The study addresses the need for authentic VECs by establishing a defined, efficient hPSC differentiation protocol that recapitulates embryonic valvulogenesis via an ECC-like intermediate. Mechanistically, VEC specification requires coordinated BMP/TGF-β signaling with early NOTCH activation and later WNT/BMP-associated transcriptional programs, including NFATc1, HEY2, HAND2, ATF3, and KLFs. SMAD4 occupancy and promoter activation of NFATc1/ATF3, together with sensitivity to BMP/TGF-β inhibitors, support a model wherein BMP/TGF-β crosstalk primes NOTCH and drives VEC identity. Comparative transcriptomics corroborate that day 6–9 VELs transition from ECC-like (G1) to mature VEC-like (G2) gene programs. Functionally, VELs display hallmark endothelial behaviors (tube formation, LDL uptake), mechanosensitive responses (morphology/orientation, inflammatory marker induction, NOTCH target activation under shear), and can undergo EndoMT to generate VIC-like cells, mirroring in vivo valvulogenesis. On decellularized valve scaffolds, VELs outperform primary VECs and HAEC in proliferation, survival, and surface coverage, highlighting their promise as seed cells for engineered valves and organoids.
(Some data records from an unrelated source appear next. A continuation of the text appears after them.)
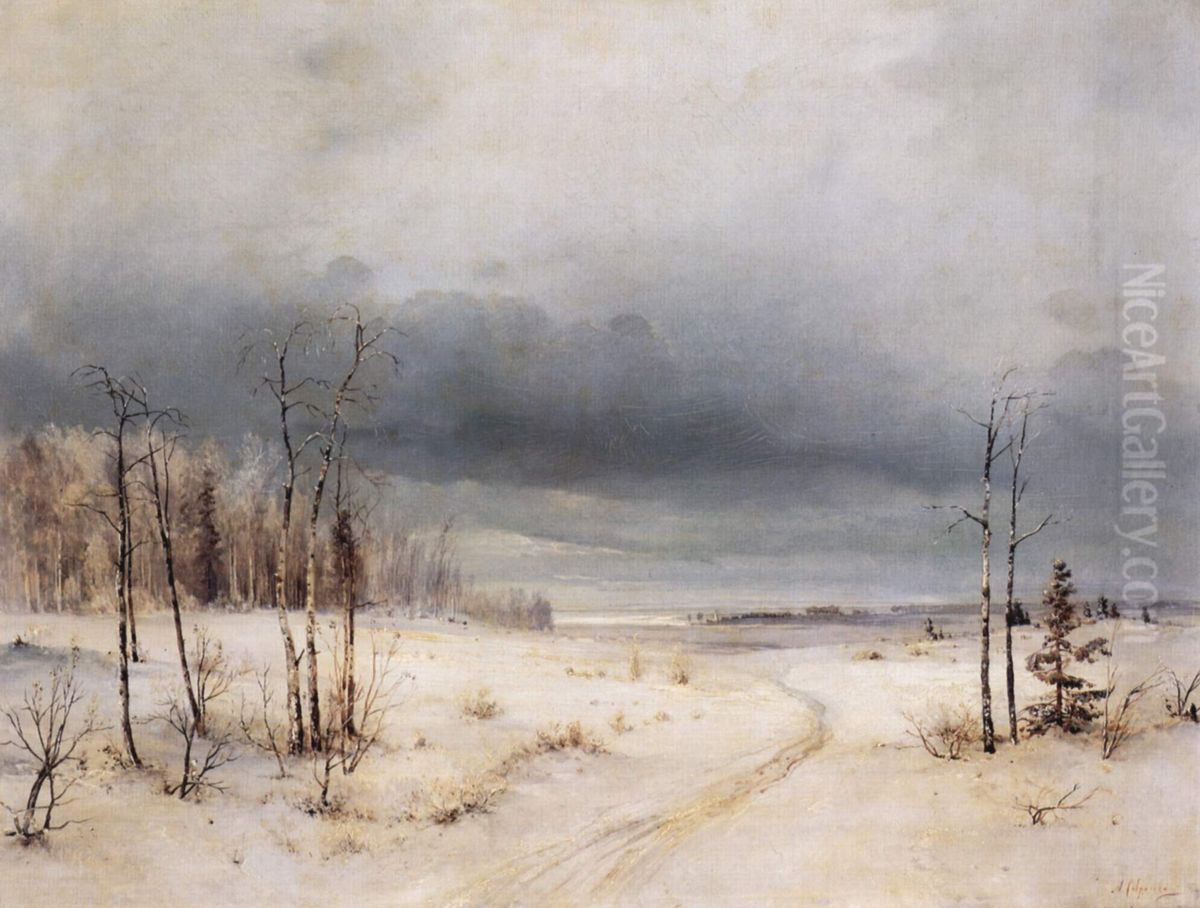 <<Zima>> Oil Painting by Alexei Kondratievich Savrasov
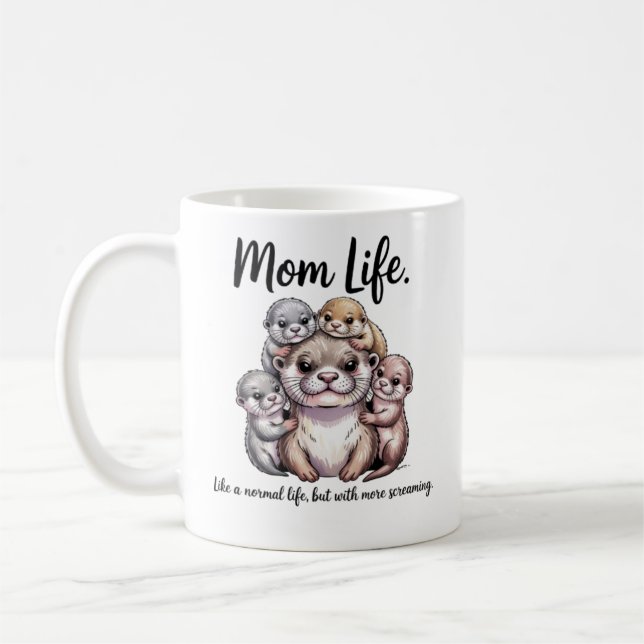 Otter Mamma Liv Mugg - Rolig Föräldraskap Kaffe Ko (Vänster)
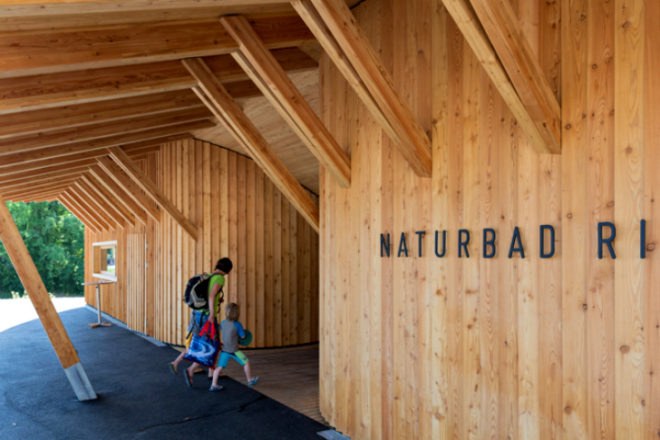 Naturbad Riehen, Herzog & de Meuron, switzerland, natural swimming pool, riehen, chlorine-free swimming pool, swimming pool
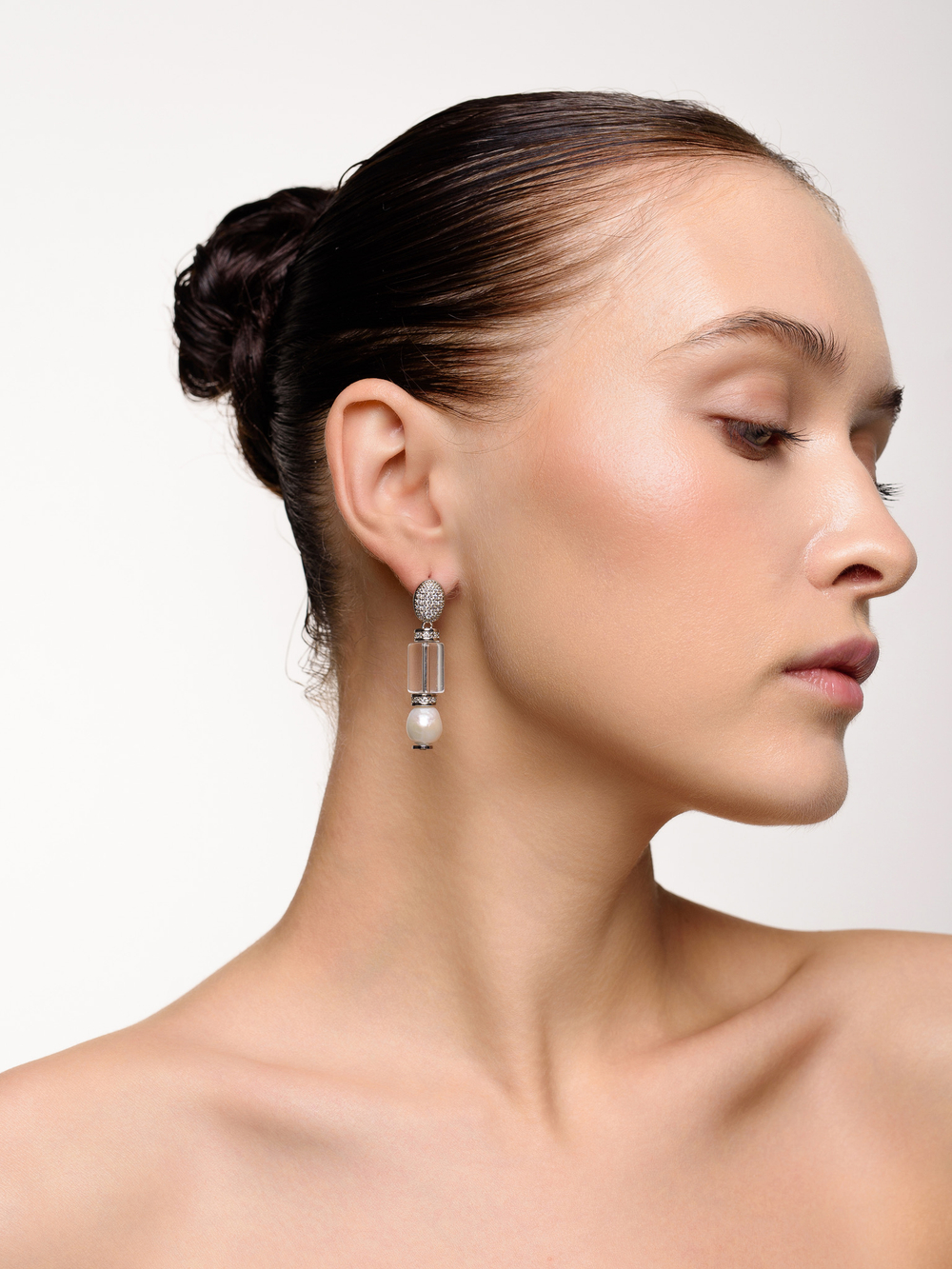 Серьги "Tube pearl shine" Silver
This work presents a chemically defined, xeno-free, two-step protocol to efficiently generate hPSC-derived valve endothelial-like cells via an ECC-like intermediate within 9–10 days. The differentiation trajectory mirrors embryonic VEC development and elucidates a mechanistic framework in which BMP/TGF-β signaling (via SMAD4) activates NOTCH and induces key transcriptional regulators (NFATc1, ATF3, HEY2, HAND2, KLFs) to establish VEC identity. hPSC-derived VELs exhibit molecular and functional similarity to primary VECs, can transition to VIC-like cells through EndoMT, and demonstrate superior endothelialization, proliferation, and survival on decellularized porcine valve scaffolds. These advances position hPSC-derived valvular cells as promising seed cells for valve organoids and next-generation tissue-engineered heart valves. Future work should incorporate physiological mechanical conditioning to enhance maturation and explore contributions from neural crest-derived lineages.
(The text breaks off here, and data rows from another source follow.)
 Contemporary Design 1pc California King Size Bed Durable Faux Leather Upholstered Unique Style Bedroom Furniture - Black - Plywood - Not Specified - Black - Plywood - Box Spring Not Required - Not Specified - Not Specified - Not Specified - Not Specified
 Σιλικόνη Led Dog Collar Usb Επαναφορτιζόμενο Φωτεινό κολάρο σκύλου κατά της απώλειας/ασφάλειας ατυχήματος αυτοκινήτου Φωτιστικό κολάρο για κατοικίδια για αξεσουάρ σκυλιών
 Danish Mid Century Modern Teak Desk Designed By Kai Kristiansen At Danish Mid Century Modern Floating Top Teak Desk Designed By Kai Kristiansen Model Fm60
hPSC-derived VELs display lower expression of certain shear-responsive genes (e.g., KLF2, CAV1, NOS3, EDN1, BMP4, CTSK, THBS1) compared to primary VECs, suggesting an immature state likely due to absence of sustained physiological hemodynamic stimuli in vitro. The protocol derives VECs exclusively from mesodermal lineage and may not capture potential contributions from cardiac neural crest cells to valve endothelium. Further maturation using bioreactors (shear/cyclic strain) or in vivo conditioning and lineage diversification strategies may be required for fully adult-like VEC phenotypes.